Искатель. 1971. Выпуск №6 - Вайнер Аркадий Александрович 14 стр.


Иконников встал, и только тут я обратил внимание на то, что он все время сидел в пальто, в черном драповом пальто с потертым бархатным воротничком.

— За угощение благодарствуйте, — сказал он. — И за разговор спасибо. Я ведь добра, а уж тем более зла никому не забываю.

Благодарность была густо замешена на угрозе, и от тона — горько-кислая, как пороховой дым.

— А насчет слов моих подумайте. Как бы вам не перегнуть палку, — добавил он уже в дверях.

— Я вам сказал — вы меня зря пугаете, — сказал я зло. — Это вам только показалось, что я такой пугливый. И сюда больше ко мне не ходите. Если вы мне понадобитесь, я вас разыщу.

— Ну, как знаете. Смотрите — вам жить…

Глава 9. ГОРЬКИЙ ДЫМ СТРАХА

Весной 1667 года в Кремону прикатил роскошный дормез, запряженный четверкой сытых белых лошадей. На лакированной дверце кареты сияли вензеля и гербы — лорд Каннинг прибыл к мастеру Амати за заказом Марии Стюарт. Виолончель, альт и две скрипки — малый ансамбль — были упакованы. Лорд Каннинг, не скрывая, что он только исполнитель чужой воли в этой глупой затее, выстроил на столе длинный ряд аккуратных столбиков из тускло светящихся соверенов, вручил Амати благодарственный рескрипт королевы, отказался от праздничной трапезы и укатил на юг, в Геную, где его уже дожидался сорокапушечный фрегат «Эмпайр» — королева не хотела доверять уникальную коллекцию превратностям неспокойных дорог Европы, раздираемой войнами, смутами и бунтами.

Амати и Страдивари стояли у окна, глядя, как оседает на дороге белая пыль из-под высоких колес кареты.
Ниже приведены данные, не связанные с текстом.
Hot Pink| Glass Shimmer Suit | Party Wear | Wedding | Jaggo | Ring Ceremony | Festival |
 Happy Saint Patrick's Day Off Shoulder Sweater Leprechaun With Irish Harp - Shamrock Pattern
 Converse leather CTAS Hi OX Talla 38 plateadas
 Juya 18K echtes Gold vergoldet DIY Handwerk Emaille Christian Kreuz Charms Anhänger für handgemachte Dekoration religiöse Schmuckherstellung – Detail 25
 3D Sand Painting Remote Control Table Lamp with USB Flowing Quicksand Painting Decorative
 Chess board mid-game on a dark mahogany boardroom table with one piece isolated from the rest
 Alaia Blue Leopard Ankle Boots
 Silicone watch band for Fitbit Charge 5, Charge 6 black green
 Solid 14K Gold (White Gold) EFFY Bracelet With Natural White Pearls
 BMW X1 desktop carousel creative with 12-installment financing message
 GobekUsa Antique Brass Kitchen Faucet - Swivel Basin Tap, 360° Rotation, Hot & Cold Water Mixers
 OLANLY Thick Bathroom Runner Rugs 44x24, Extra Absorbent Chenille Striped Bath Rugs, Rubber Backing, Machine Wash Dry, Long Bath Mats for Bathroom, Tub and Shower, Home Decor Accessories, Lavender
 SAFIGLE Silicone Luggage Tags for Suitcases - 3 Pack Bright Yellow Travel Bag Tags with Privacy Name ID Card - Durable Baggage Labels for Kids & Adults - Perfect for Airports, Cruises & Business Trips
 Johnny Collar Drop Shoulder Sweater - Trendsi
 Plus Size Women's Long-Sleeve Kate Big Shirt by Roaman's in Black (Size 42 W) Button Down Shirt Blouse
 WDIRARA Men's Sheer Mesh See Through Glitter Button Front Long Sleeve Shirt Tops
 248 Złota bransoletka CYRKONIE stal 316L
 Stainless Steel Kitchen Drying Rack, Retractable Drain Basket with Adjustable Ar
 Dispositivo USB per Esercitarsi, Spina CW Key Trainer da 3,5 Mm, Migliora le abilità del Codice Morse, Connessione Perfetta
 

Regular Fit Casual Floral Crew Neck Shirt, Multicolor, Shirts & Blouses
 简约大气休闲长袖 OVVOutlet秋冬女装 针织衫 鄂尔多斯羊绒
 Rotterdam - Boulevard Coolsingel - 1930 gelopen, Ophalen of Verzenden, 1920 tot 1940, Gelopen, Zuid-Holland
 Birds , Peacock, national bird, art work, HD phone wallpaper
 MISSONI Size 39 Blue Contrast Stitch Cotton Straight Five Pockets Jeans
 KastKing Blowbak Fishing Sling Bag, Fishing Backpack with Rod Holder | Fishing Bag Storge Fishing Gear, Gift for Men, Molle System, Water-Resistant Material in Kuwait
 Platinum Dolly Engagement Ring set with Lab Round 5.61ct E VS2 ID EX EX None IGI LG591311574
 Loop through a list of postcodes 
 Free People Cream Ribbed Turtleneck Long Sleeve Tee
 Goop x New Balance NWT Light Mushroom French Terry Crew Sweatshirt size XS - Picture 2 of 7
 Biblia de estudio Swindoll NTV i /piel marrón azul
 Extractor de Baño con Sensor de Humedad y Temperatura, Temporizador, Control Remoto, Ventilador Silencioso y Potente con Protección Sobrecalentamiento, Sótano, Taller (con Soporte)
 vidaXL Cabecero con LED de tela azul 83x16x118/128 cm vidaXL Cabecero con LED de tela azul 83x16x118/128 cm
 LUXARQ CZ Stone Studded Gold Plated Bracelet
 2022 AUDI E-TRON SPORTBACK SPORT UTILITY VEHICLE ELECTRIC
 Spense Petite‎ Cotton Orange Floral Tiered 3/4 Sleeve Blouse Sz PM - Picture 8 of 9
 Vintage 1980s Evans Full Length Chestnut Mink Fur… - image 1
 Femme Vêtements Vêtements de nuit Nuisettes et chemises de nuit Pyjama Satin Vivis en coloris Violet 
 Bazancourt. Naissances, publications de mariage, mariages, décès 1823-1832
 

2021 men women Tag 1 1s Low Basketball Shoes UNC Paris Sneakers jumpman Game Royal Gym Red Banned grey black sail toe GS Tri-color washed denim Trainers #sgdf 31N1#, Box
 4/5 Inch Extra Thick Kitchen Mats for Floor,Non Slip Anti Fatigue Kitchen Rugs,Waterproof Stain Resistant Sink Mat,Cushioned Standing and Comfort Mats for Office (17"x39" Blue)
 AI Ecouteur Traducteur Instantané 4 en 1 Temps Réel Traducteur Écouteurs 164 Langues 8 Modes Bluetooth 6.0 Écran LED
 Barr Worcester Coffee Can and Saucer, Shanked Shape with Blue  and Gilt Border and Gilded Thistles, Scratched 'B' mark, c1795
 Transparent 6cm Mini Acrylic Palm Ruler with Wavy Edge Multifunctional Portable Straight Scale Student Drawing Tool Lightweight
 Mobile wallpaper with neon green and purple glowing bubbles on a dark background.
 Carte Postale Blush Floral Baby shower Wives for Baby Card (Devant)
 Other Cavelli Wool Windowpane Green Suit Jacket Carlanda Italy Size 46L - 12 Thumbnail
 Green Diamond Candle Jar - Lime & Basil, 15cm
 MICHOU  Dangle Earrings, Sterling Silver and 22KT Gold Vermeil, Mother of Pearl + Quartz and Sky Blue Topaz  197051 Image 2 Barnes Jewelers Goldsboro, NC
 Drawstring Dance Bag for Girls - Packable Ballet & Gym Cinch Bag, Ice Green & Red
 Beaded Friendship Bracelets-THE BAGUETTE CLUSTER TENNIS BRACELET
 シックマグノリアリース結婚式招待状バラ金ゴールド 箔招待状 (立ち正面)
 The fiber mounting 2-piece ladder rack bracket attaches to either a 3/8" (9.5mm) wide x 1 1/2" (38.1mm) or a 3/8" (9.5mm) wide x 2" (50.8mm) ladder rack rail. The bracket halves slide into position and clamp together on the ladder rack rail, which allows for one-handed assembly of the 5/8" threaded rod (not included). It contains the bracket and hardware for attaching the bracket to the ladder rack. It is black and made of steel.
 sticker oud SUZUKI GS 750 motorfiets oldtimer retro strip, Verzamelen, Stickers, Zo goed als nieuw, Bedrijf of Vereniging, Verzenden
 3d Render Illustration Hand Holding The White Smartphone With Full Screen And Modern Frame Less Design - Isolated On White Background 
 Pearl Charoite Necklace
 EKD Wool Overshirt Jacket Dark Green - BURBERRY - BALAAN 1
Алебардщики на заставе лениво приподняли древки, слабо загромыхал настил на мосту, и яркий экипаж исчез из виду.

Амати сказал:

— Ну что ж, сынок, и тебе пора собираться в путь…

— Вы гоните меня, учитель? — удивленно спросил Антонио.

Амати грустно засмеялся, покачал головой.

— Когда ты был слеп, я был твоим поводырем в краях неведомого. Теперь ты прозрел, и моя спина загораживает тебе солнце…

Страдивари хотел что-то возразить, но Амати поднял руку:

— Не перебивай меня, сынок, и не спорь со мной. Эти монеты, — он кивнул на ровные золотые столбики, — дадут тебе возможность купить дом и открыть мастерскую. Тебе надо жениться, иметь верную подругу и добрых детей. У гения мало времени, он не может бродить по свету в поисках любви, ибо творит любовь руками своими для всех.

— Но мне не полагается никакой платы, — растерянно сказал Страдивари. — Ваша наука — плата за мой труд.

Амати отмахнулся:

— Мастера не могут расплачиваться деньгами между собой. Деньги — ничто в сравнении с тем, что дают они друг другу. Ты расцвел яркой ветвью на усыхающем древе жизни моей, и не нам решать, кто из нас больше обязан…

Страдивари преклонил колено и поцеловал тяжелую и твердую, как дорожный камень, руку Амати.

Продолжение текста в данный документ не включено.